Nearly 40,000 solar panels now line the rocky ground at Mount Coffee in Lower Montserrado County, and they are already working.

Liberia’s first-ever utility-scale solar farm is feeding electricity into the national grid ahead of its full commissioning, a milestone that project managers say demonstrates what is possible when financing and political will align in a country that has long struggled to keep the lights on.

The 20-megawatt facility is funded by the World Bank under its Regional Emergency Solar Power Intervention project, known as RESPITE, a $311 million regional program covering Chad, Liberia, Sierra Leone and Togo. Each of the farm’s panels produces 710 watts. Fifty-two inverters push that output into substations that connect directly to the grid. Crushed rocks spread across the site trap and redistribute heat to improve generation efficiency.

A project built to close a seasonal gap

The farm was designed with a specific problem in mind. Mount Coffee’s hydropower plant, which anchors Liberia’s electricity supply, loses capacity during the dry season as water levels fall. The solar farm fills that gap.

Construction started in October 2024. The original cost estimate was $15.8 million. Infrastructure and operational additions pushed that figure to $21.5 million. The facility is now expected to raise Liberia’s total energy generation capacity by 15 percent, while cutting dependence on diesel and heavy fuel generators.

Dominic Gono, the RESPITE project manager, said the opportunity is real but requires sustained effort. “All we need is to muster the courage and work hard for it to happen,” he said.

What comes next

Plans are already in place to expand the solar component by an additional 10 megawatts and add six megawatts of battery storage.
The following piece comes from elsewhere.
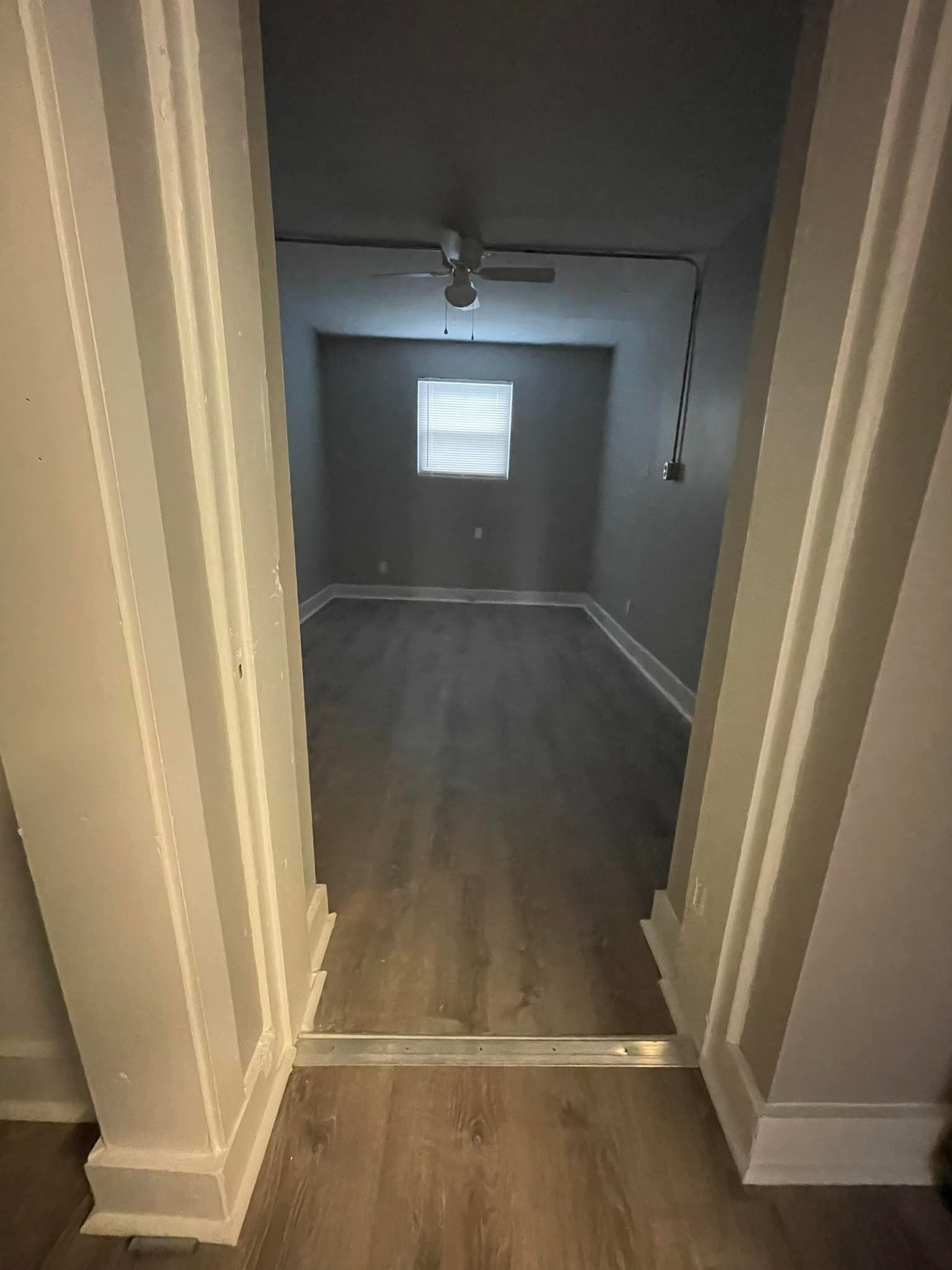 View of a room through a doorway. Gray walls, wood-look flooring, window.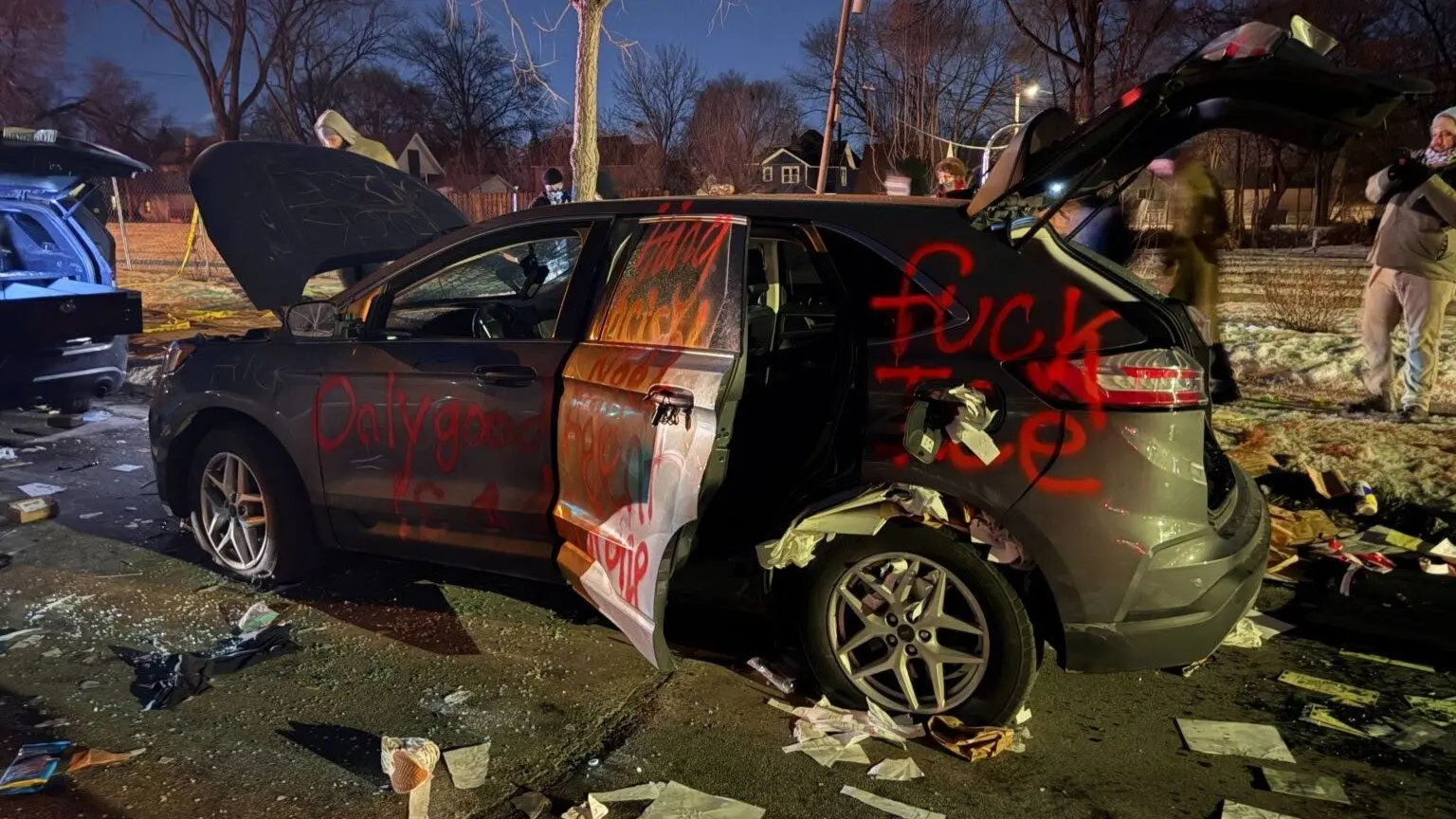 Anti-ICE demonstrators vandalized a vehicle in Minneapolis believed to be used by federal agents, in the aftermath of a shooting by a federal officer, the second in a week, Jan. 14, 2026. (Photo by Max Nesterak/Minnesota Reformer)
A 42-megawatt expansion of Mount Coffee’s hydropower capacity is also on the table, alongside a 150- to 200-megawatt upstream hydropower project on the St. Paul River.

World Bank Managing Director Paschal Donohoe visited the site in March and called it a model for future energy partnerships on the continent. Liberia has committed to adding 150 megawatts of clean energy under its Nationally Determined Contributions, and officials say this project is the clearest proof yet that the target is within reach.